What do you want to know
BB is a 32 year old female who has suffered from monthly migraines since she was about 15 years old. The first two days of her period were so intense that as a teenager she couldn’t go to school; as an adult, she cannot work on those two days a month either.
She tried several medications, but experienced too many side effects. Continuous birth control pills also failed to eliminate her period.
She was struggling until last year when we put her on a new drug, Nurtec ODT (rimegepant) from Biohaven Pharmaceuticals. For BB, it did the trick.
To understand how it works, we must try to understand what causes a migraine, although this is still up for debate. Migraines are a neurovascular disorder, possibly caused by a calcitonin gene-related peptide (CGRP). When this peptide is released into the brain’s blood supply, it causes an inflammatory response that causes intense pain (a migraine). Rimegepant is a small molecule CGRP receptor antagonist that prevents the peptide from triggering this inflammatory response and thus eliminates pain. It does not cause vasoconstriction, which may be important in patients with heart disease.
There are other drugs that treat migraines by a similar but not identical mechanism, including Aimovig (erenumab), Vyepti (eptinezumab), Emgality (galcanezumab), and Ajovy (fremanezumab). There are also triptans such as Maxalt (rizatriptan), Zomig (zolmitriptan), and Imitrex (sumatriptan), which are 5HT-1 (hydroxytryptamine) agonists and work like a chemical called serotonin.
There are also injectables, as well as simple opioids for pain relief. Some people benefit from acupuncture as well as biofeedback.
According to the American Migraine Foundation, more than 37 million men, women, and children in the United States suffer from migraines. It’s three times more common in women than in men, and about 10% of children will suffer from migraines at some point.
According to a study published in Clinical Neurology and Neurosurgery in 2022, migraines are the sixth most disabling disorder. Migraines are puzzling because they affect young, healthy people in their 20s and 30s. The above newspaper article also points out an interesting historical fact that “Hippocrates (c. 460 to ca. 370 BC) was the first to define migraine as severe discomfort in one of the areas of the brain related to distribution of sight”.
Migraines are different from what we call tension headaches. They can be severe, throbbing or pulsating and are usually felt on one side. Migraines can often be associated with nausea, vomiting, and sensitivity to light or sound.
Sometimes what we call an aura can precede the migraine. These auras can be blurry vision, spots in front of the eyes, or even a tingling sensation on the face. Not everyone with migraines has these symptoms.
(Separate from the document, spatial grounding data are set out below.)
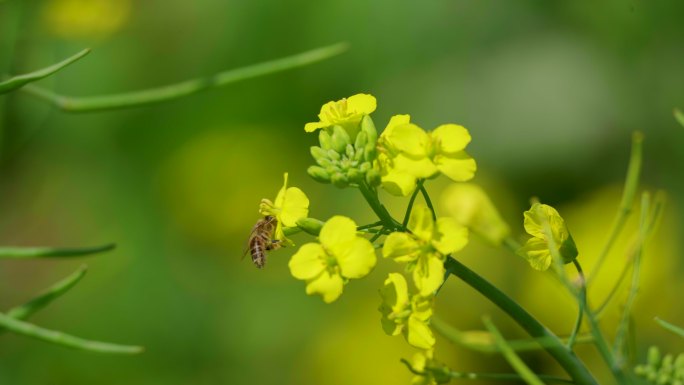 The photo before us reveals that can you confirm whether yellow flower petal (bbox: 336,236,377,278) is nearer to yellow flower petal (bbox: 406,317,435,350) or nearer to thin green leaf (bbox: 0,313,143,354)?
yellow flower petal (bbox: 406,317,435,350)

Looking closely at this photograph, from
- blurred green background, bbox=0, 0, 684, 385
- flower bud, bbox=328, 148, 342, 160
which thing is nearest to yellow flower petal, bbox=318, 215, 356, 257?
flower bud, bbox=328, 148, 342, 160

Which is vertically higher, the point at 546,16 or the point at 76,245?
the point at 546,16

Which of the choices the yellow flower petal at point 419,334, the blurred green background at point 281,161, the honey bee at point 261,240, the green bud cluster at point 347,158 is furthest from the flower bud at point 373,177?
the blurred green background at point 281,161

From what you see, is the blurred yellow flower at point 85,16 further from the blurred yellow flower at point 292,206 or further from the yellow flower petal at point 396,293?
the yellow flower petal at point 396,293

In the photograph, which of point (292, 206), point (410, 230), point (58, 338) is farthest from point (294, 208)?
point (58, 338)

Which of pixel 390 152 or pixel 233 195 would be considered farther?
pixel 233 195

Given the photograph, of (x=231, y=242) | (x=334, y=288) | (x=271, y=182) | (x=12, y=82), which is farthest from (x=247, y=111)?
(x=334, y=288)

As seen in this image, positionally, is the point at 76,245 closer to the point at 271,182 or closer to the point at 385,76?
the point at 271,182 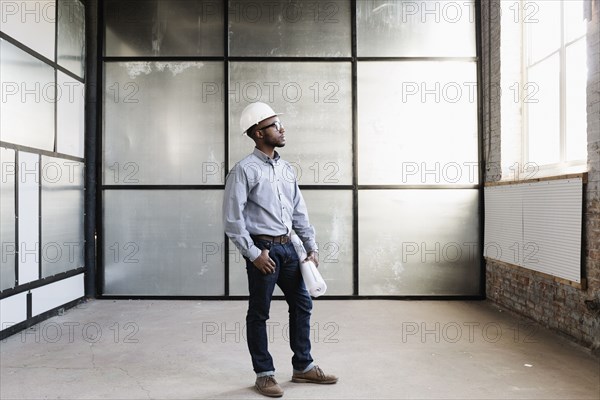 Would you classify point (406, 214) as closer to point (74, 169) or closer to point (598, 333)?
point (598, 333)

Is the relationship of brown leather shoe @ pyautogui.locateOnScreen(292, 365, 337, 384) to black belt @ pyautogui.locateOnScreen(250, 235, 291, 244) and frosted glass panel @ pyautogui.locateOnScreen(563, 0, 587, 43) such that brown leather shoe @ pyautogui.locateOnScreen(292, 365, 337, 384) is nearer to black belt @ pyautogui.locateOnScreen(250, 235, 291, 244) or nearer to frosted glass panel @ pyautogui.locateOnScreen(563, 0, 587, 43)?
black belt @ pyautogui.locateOnScreen(250, 235, 291, 244)


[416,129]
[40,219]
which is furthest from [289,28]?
[40,219]

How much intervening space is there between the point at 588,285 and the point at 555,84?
1.89 m

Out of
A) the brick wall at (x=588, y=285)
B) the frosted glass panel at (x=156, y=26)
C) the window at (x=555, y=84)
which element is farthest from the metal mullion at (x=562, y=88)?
the frosted glass panel at (x=156, y=26)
Many migraine sufferers have triggers that the patient learns to avoid. I have suffered from migraines for over 50 years. My trigger is lack of sleep, not the best trigger for an obstetrician. I learned to adapt. There is also a feeling of exhaustion or exhaustion after some migraines.
Migraines are more than just a headache. It is a neurological event that can be disabling.
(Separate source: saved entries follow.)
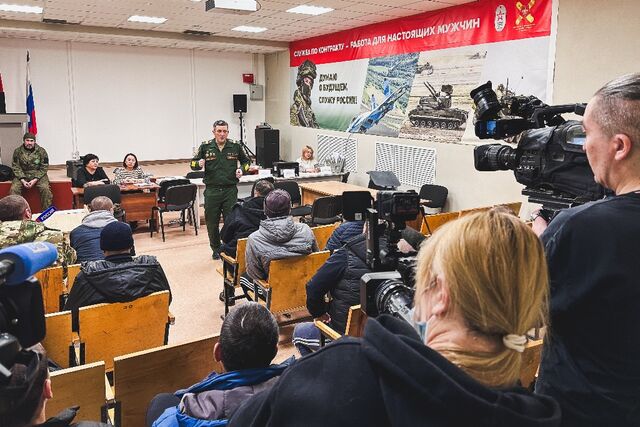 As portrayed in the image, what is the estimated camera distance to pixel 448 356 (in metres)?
0.71

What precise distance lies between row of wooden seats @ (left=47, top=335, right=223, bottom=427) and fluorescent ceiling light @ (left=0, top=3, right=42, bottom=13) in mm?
7051

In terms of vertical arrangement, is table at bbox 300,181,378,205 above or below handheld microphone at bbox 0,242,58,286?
below

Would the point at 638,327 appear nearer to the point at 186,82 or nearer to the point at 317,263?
the point at 317,263

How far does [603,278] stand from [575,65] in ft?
16.6

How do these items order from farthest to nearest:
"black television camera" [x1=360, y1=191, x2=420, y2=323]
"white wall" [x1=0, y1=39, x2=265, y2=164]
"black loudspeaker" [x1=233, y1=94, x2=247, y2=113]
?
"black loudspeaker" [x1=233, y1=94, x2=247, y2=113]
"white wall" [x1=0, y1=39, x2=265, y2=164]
"black television camera" [x1=360, y1=191, x2=420, y2=323]

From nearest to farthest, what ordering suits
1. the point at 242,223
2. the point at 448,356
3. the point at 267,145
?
the point at 448,356
the point at 242,223
the point at 267,145

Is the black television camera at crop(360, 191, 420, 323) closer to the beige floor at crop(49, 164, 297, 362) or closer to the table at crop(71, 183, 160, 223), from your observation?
the beige floor at crop(49, 164, 297, 362)

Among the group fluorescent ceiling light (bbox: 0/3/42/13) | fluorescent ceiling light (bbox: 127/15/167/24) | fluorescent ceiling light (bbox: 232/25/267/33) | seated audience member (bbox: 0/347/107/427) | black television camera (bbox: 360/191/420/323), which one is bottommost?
seated audience member (bbox: 0/347/107/427)

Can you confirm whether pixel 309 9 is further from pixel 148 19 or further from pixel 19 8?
pixel 19 8

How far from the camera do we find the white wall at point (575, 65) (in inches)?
194

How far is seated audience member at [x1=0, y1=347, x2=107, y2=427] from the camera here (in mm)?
926

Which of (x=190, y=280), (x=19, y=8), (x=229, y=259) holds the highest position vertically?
(x=19, y=8)

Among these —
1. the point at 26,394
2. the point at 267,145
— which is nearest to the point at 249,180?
the point at 267,145

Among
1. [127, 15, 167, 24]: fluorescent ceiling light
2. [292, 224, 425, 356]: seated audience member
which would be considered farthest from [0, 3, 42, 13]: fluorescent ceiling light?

Headaches are divided into two basic categories: primary and secondary. A primary headache is not caused by a separate medical condition. Migraines are primary headaches. Examples of secondary headaches would be being hit in the head with a baseball, high blood pressure, or even a brain tumor. There is no blood test or imaging needed to diagnose migraines.
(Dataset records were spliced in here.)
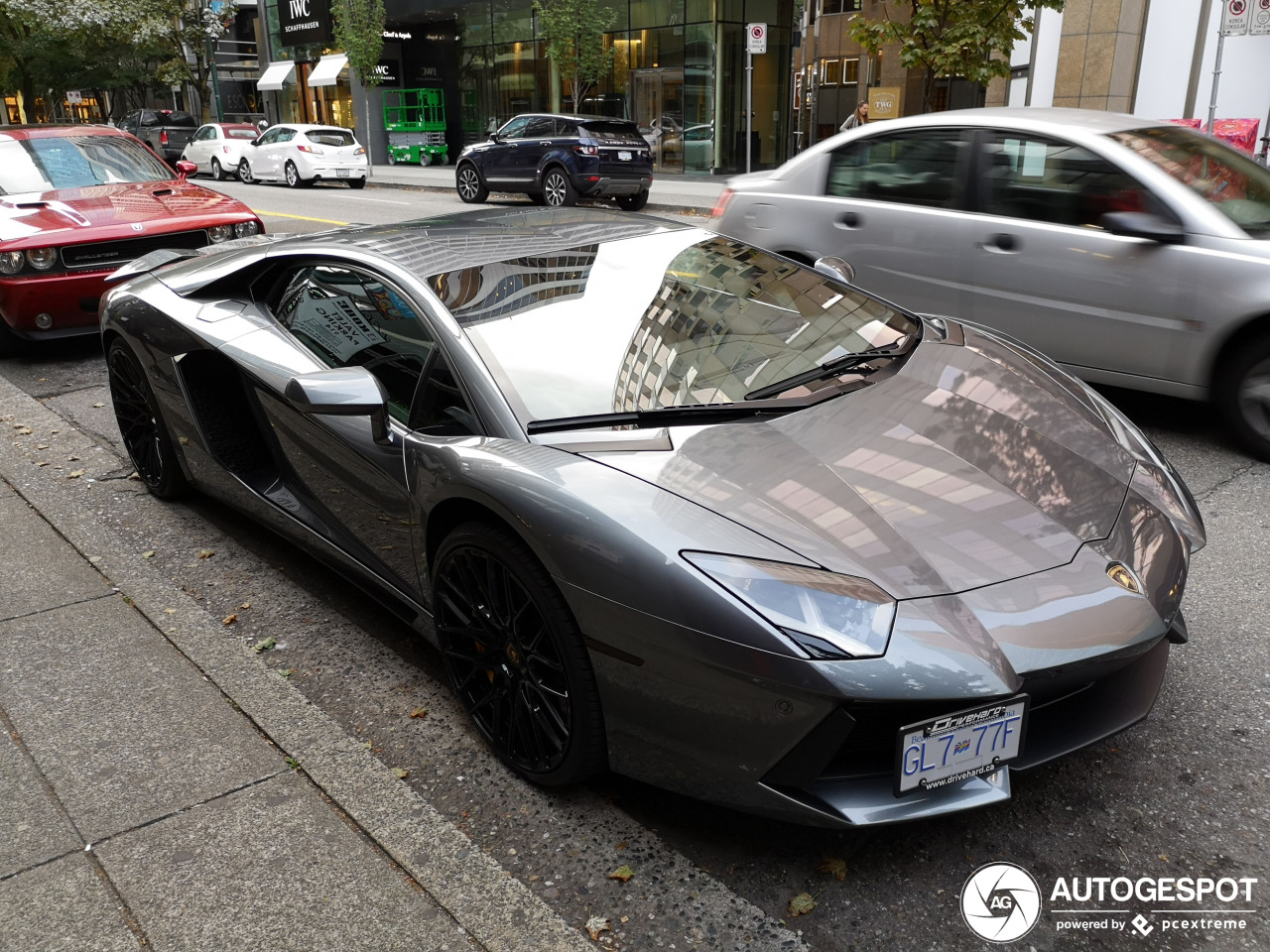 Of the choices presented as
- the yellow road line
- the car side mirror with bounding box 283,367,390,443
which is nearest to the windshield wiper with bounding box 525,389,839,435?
the car side mirror with bounding box 283,367,390,443

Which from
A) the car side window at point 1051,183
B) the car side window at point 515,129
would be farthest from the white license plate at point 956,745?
the car side window at point 515,129

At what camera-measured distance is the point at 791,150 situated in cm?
2855

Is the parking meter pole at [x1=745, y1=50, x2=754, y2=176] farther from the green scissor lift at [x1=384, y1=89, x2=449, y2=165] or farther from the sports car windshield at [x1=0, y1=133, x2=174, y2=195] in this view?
the sports car windshield at [x1=0, y1=133, x2=174, y2=195]

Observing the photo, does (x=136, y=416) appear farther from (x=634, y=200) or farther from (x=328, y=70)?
(x=328, y=70)

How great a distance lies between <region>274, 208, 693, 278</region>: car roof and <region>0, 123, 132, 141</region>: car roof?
5.96m

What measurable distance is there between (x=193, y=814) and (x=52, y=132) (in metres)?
8.08

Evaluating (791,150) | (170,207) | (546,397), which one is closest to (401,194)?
(791,150)

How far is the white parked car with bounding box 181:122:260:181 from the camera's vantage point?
1053 inches

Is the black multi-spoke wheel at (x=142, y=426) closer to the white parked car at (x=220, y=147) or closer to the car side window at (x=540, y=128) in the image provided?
the car side window at (x=540, y=128)

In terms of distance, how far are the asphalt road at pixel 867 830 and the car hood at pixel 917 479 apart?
0.53m

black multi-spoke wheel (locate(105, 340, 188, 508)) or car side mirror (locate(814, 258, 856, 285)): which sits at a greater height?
car side mirror (locate(814, 258, 856, 285))

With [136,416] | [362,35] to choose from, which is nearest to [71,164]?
[136,416]

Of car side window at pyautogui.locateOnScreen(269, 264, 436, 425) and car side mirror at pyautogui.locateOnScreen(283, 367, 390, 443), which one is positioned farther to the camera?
car side window at pyautogui.locateOnScreen(269, 264, 436, 425)

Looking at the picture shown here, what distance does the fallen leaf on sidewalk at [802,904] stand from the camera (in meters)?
2.29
The 4 basic stages of migraines
1) Prodrome. This is a vague pre-event, which many people don’t have. It can last for days.
2) Aura. Again, not everyone presents this, but it can last anywhere from five minutes to an hour. It can take the form of sensitivity to light or sound.
3) The real headache. It can last from hours to days. The pain can be very intense, stabbing and usually one-sided. It’s not just a simple tension headache.
4) Postdrome. It can last a day or two and is usually just discomfort. Many migraine sufferers do not have this stage.
There seems to be a genetic predisposition to migraines. Most migraine sufferers have relatives with the same migraine pattern. If both parents have migraines, the children are much more likely to have them too.
The triggers are wide and varied. As mentioned, mine is lack of sleep, and I get an aura.
Others include emotional stress, missing a meal, or hormonal events (as in menstrual migraines). Certain foods, drinks and additives can be a trigger for up to 30% of patients. Migraine sufferers know what their triggers are and do their best to avoid them. Some patients are even triggered for a migraine attack by changes in weather conditions, possibly due to changes in barometric pressure.
The diagnosis of migraines is based on the history of the event. No blood test or imaging is needed.
Migraines have been with us for a long time. We are now seeing much better treatments to alleviate this debilitating disorder. I remember having migraines for a month straight when I was younger. Fortunately for many of us with migraines, these new drugs are helpful.
Most people don’t understand the migraine sufferer since migraines are invisible to people who watch. It’s because the pain is literally in our heads. But that doesn’t make it any less real.